Safe As Houses: 2 Grays Road, Hamilton
A conspiracy to murder was driven either by love or greed, depending upon who you believe.
- WARNING: The following article contains descriptions of violent crimes that some may find disturbing.
Regardless of how it happened, what the motive was or which of the three co-defendants struck the fatal blow, it didn’t change one simple fact: Roy Ferguson was dead.
Ferguson was a well-to-do brewer who had left his lucrative job as managing director of a Newcastle brewery to relocate to Brisbane and start his own venture with his brother. He and his wife Sylvia settled into an opulent residence at 2 Grays Road in Hamilton.
Roy may have settled into Brisbane’s upper crust, but it’s doubtful he truly fit in. The brewer and hotelier had come from humble beginnings, and had certainly had his own run-ins with the law. In 1939, he was arrested for running an unlicensed bookmakers from one of his hotels. In 1946, he was jailed for attacking a man with a broken beer bottle.
Sylvia, too, was new to society’s upper echelons. She had been a barmaid in one of her husband's hotels. It was at one of these hotels where she first met Eric Murphy. Murphy was a waiter at one of Roy’s hotels in Tuncurry. Clearly, Eric and Sylvia hit it off, because when the Fergusons relocated to Brisbane, Eric Murphy followed.
It’s not clear when Sylvia and Eric’s relationship blossomed into a romance. At some point, however, the two enlisted Murphy’s young nephew, Barry, who was living with the Fergusons after the death of his mother, to pass letters between them. This escalated to the two using Barry to sneak Eric into the house for romantic trysts with Sylvia.
At some point, Eric and Sylvia seem to have grown tired of sneaking around. They would later testify that they had decided to elope, but reasoned that to do so, they would need Roy Ferguson out of the picture. To this end, they enlisted the aide of one of Eric’s friends, William Ernest Hamilton. They promised Hamilton £2,500 and, bizarrely, ownership of one of Roy’s hotels, if he would help the two deal with Roy and then drive them out of state so they could be married.
On the night of August 20, 1953, Sylvia left the door ajar at 2 Grays Road. Eric and William crept in, armed with a hammer.

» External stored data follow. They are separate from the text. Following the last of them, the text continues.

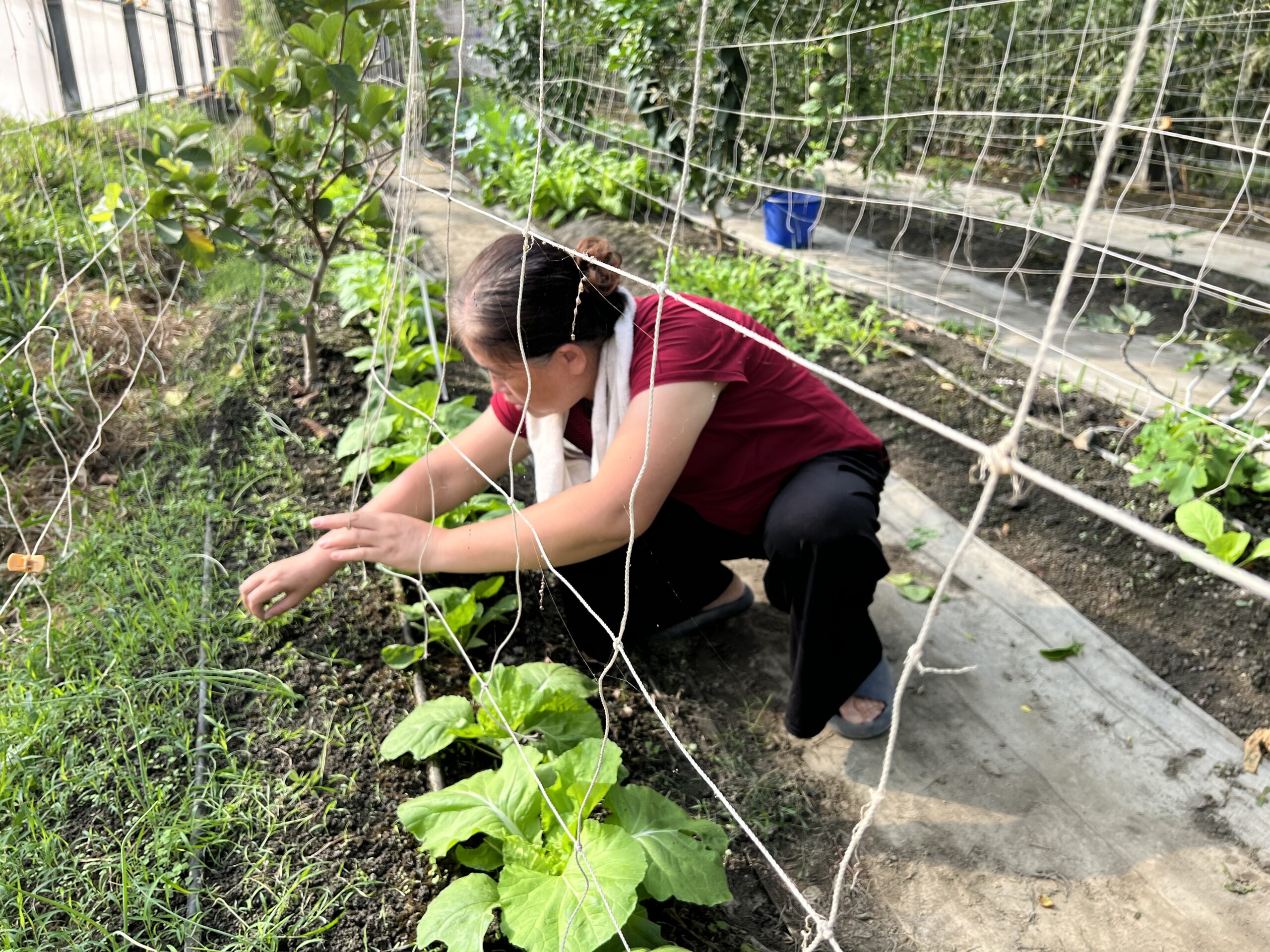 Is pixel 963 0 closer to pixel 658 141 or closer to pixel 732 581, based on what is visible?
pixel 658 141

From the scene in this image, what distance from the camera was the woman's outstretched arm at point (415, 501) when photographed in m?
1.56

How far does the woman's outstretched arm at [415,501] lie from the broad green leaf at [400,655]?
0.19m

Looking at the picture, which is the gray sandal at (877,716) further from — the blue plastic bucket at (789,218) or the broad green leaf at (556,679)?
the blue plastic bucket at (789,218)

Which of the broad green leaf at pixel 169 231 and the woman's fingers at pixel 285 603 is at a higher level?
the broad green leaf at pixel 169 231

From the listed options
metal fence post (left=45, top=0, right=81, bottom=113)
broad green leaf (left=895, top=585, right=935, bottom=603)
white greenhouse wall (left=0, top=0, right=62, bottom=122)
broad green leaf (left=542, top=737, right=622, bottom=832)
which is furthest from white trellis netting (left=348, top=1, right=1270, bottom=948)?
metal fence post (left=45, top=0, right=81, bottom=113)

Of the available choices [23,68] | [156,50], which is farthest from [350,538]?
[156,50]

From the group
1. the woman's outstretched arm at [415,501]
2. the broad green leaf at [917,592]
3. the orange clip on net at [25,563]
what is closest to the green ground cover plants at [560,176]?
the broad green leaf at [917,592]

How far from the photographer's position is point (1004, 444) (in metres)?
0.69

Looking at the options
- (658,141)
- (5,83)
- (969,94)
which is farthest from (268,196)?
(969,94)

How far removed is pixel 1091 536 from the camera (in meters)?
2.42

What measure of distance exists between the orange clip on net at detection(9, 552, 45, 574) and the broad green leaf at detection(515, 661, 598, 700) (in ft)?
2.91

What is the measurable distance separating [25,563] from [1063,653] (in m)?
2.14

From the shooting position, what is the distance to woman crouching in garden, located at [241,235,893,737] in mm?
1468

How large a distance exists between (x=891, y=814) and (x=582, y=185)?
4.29 m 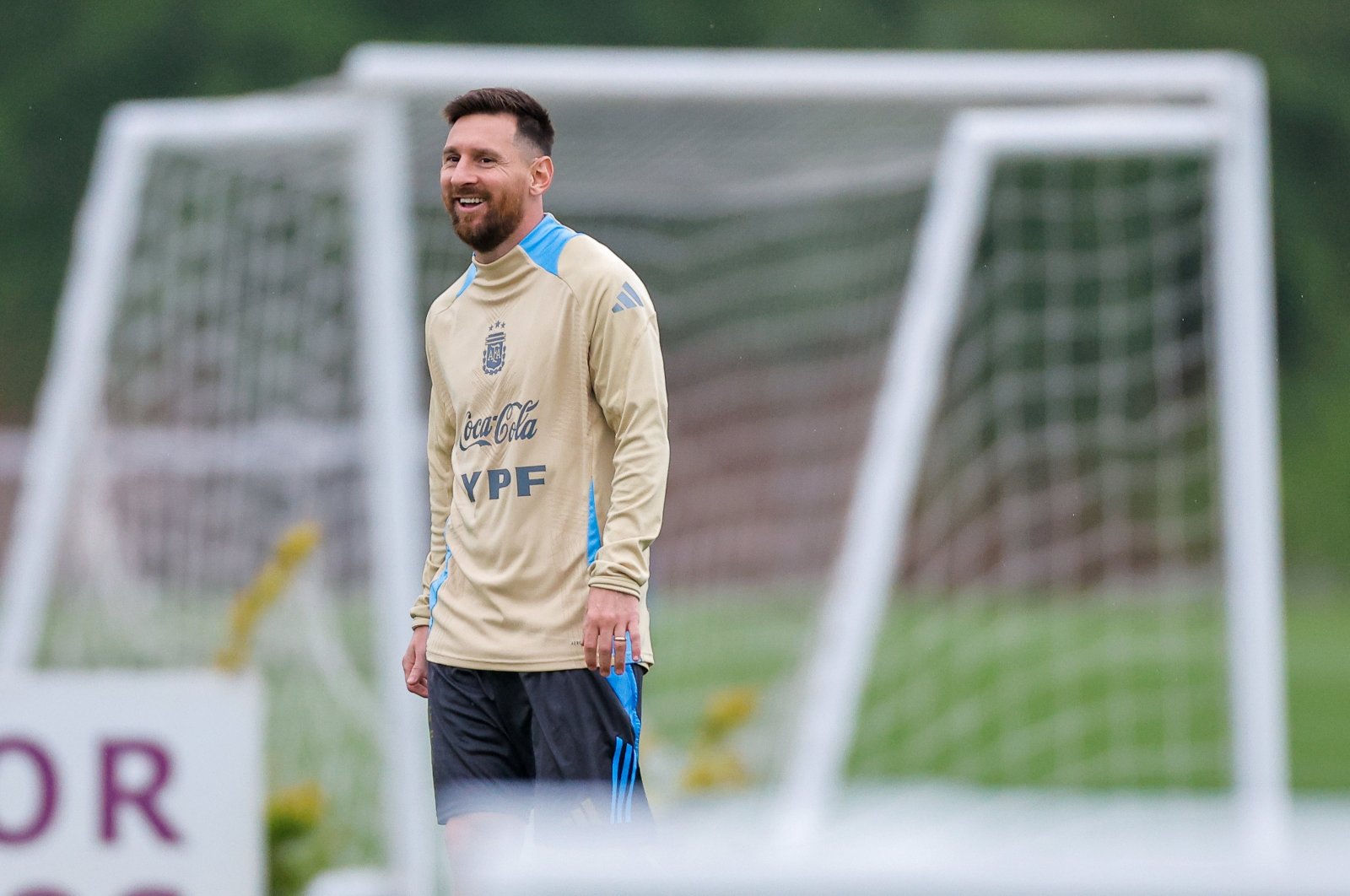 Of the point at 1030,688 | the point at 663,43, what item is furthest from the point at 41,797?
the point at 663,43

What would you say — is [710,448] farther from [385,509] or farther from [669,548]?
[385,509]

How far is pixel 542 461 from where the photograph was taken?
79.6 inches

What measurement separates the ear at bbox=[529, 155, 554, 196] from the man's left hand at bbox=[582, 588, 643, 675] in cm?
39

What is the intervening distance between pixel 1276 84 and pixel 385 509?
20424 mm

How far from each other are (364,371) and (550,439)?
234 centimetres

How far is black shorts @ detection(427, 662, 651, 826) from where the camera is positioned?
2115mm

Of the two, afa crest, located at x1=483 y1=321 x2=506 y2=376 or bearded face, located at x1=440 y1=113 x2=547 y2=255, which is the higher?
bearded face, located at x1=440 y1=113 x2=547 y2=255

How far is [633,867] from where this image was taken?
137 cm

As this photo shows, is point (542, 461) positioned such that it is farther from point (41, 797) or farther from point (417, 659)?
point (41, 797)

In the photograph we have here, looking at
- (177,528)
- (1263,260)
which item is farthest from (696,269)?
(1263,260)

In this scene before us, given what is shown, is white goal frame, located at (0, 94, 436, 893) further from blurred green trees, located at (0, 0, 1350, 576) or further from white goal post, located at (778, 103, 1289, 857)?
blurred green trees, located at (0, 0, 1350, 576)

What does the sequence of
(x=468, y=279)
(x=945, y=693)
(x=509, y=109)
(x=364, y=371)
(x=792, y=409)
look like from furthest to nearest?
1. (x=945, y=693)
2. (x=792, y=409)
3. (x=364, y=371)
4. (x=468, y=279)
5. (x=509, y=109)

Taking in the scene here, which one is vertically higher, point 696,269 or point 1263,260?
point 696,269

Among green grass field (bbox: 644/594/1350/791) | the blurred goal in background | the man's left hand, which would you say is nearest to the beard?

What happened next would divide the three co-conspirators at trial. Sylvia and Eric tried to share the blame for the actual murder with William. Roy had been a violent man, they claimed, and had threatened Sylvia with a gun. She and Eric had appealed to their good friend William to help them escape. They claimed he had agreed to murder Roy not only for money, but to safeguard Sylvia and Eric’s love.
For his part, William claimed that he had not been told of any plans for murder, but had instead been enticed to the premises to take part in a robbery. Eric had told him Roy kept large amounts of cash in his bedroom, and that Sylvia would leave a door unlocked so the two men could burgle the house. He insisted that the idea that Sylvia and Eric were to escape Roy’s clutches and elope was an utter fabrication. The motive behind everything that transpired was plain and simple greed, William said.
Regardless, it was undoubtedly Eric who delivered the fatal blow. The court heard that William lost his nerve at the last moment and handed the hammer to Eric, who kissed Sylvia and then crept into the room where Roy lay sleeping and bashed him in the skull.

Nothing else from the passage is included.